• Exercise: Lower down are entries containing pictures. Copy exactly, without those pictures, the lines from the line with "2nd image of 1530 Capri Ct Room 3" through the line with "しっかり朝ごはん　ブリの香草パン粉焼き|Kさん".

• Records:
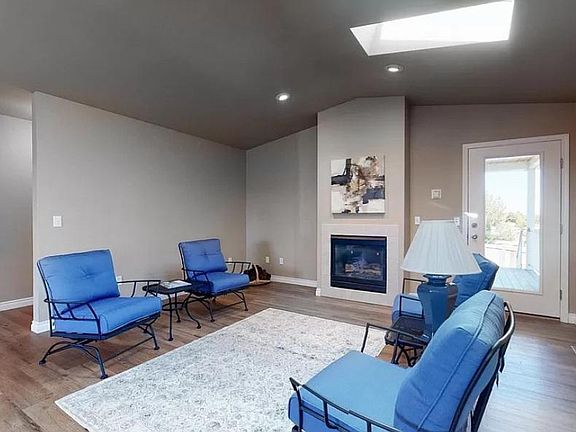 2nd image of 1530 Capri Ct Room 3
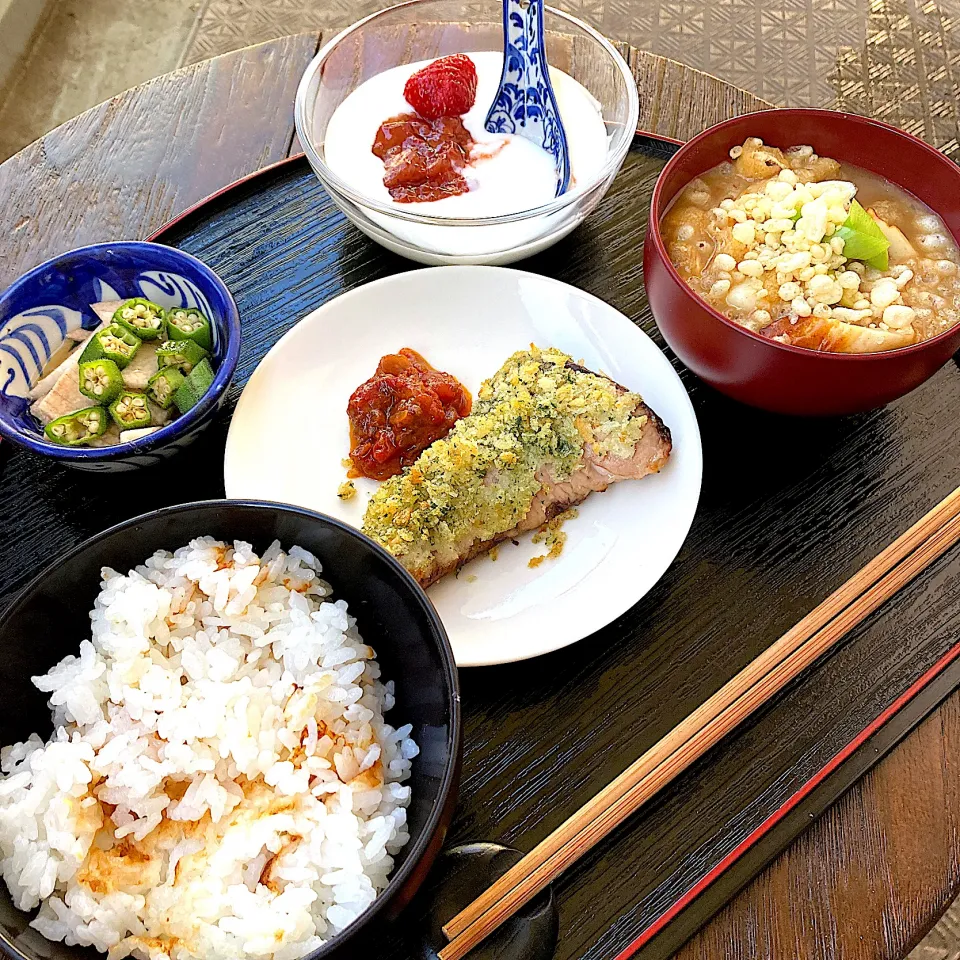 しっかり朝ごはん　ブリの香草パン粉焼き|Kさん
---
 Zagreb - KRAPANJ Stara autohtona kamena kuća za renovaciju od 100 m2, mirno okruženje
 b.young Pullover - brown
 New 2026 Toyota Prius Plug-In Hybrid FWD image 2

• Answer to the problem:
 2nd image of 1530 Capri Ct Room 3
 しっかり朝ごはん　ブリの香草パン粉焼き|Kさん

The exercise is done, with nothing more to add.